Our choice fell somewhere in the middle—we knew we needed a change, but we didn't want to completely break character and show signs of panic. We kept coverages mostly the same but shifted Rojas, who had previously been guarding Team 23’s small forward, Larry Owens (a D-League player who had a brief stint in the NBA), onto White.

Rojas was our team’s best defender and pound-for-pound rebounder. It’s hard to imagine a 6'4" power forward dominating the glass, but that’s exactly what Rojas does.

The initial choice to stick him on Owens was twofold. Rojas could match his physicality in the post and be nearer to the glass should a shot go up. White, who is completely perimeter-oriented, would drag him out too far from the rim.

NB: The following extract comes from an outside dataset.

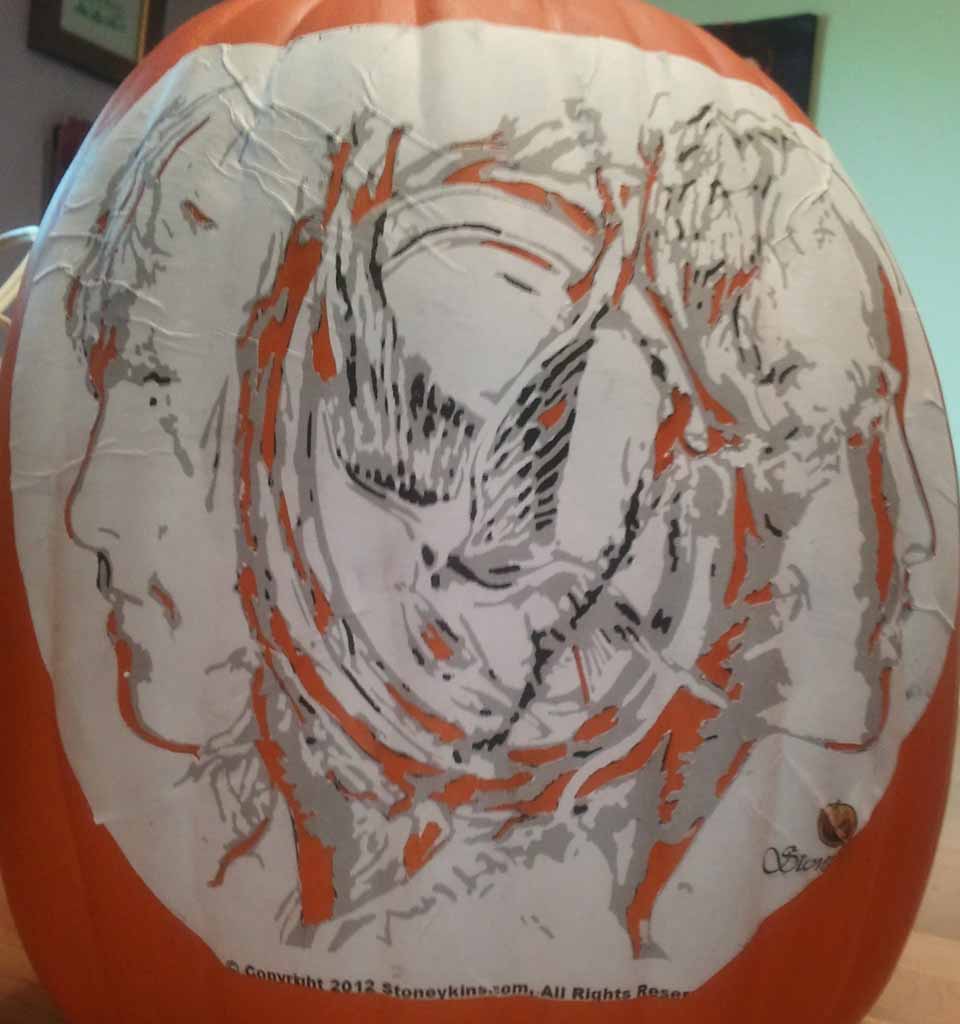 mockingjay-pumpkin-stencil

But White was having his way, so we unleashed Rojas on him. Rojas, who was arguably the fiercest competitor on either team every time he stepped on the court, answered the challenge and completely changed the game. An 18-point lead evaporated. We were down three points with all of the momentum and almost 10 minutes still to play.

Team 23, however, was full of pros as well. Most of the teams that made any type of significant run in TBT had a team of professional basketball players.

Although the NBA has most of the best talent in the world, the line between the NBA and other professional leagues—the D-League and Spain’s ACB, for instance—is pretty thin. The NBA is more about timing and opportunity, and there are certainly dozens, if not hundreds of overseas players good enough to make the back end of an NBA roster.

Sometimes a player hits his peak too late in his career; NBA teams tend to favor youth and potential. Sometimes an overseas player is probably good enough for an end-of-the-bench minimum contract but can actually make more money, have more financial security and see more minutes playing overseas.

Team 23 was not going to fold easily. They responded to our run with two free throws and a three-pointer, extending the lead back to eight. Once again, I faced a decision: stick with the lineup that helped us crawl back into the game, or bring in fresh legs to combat Team 23’s countersurge.

I opted for the latter and played small ball, hoping to get our stagnant offense going. But the game held at a 10-point edge for Team 23 until they closed it out to end our run.

We were obviously very disappointed to lose, especially with the $1 million within our grasp. But we were proud to reunite as a group, and you’ll definitely be seeing Ants Alumni in next year’s TBT.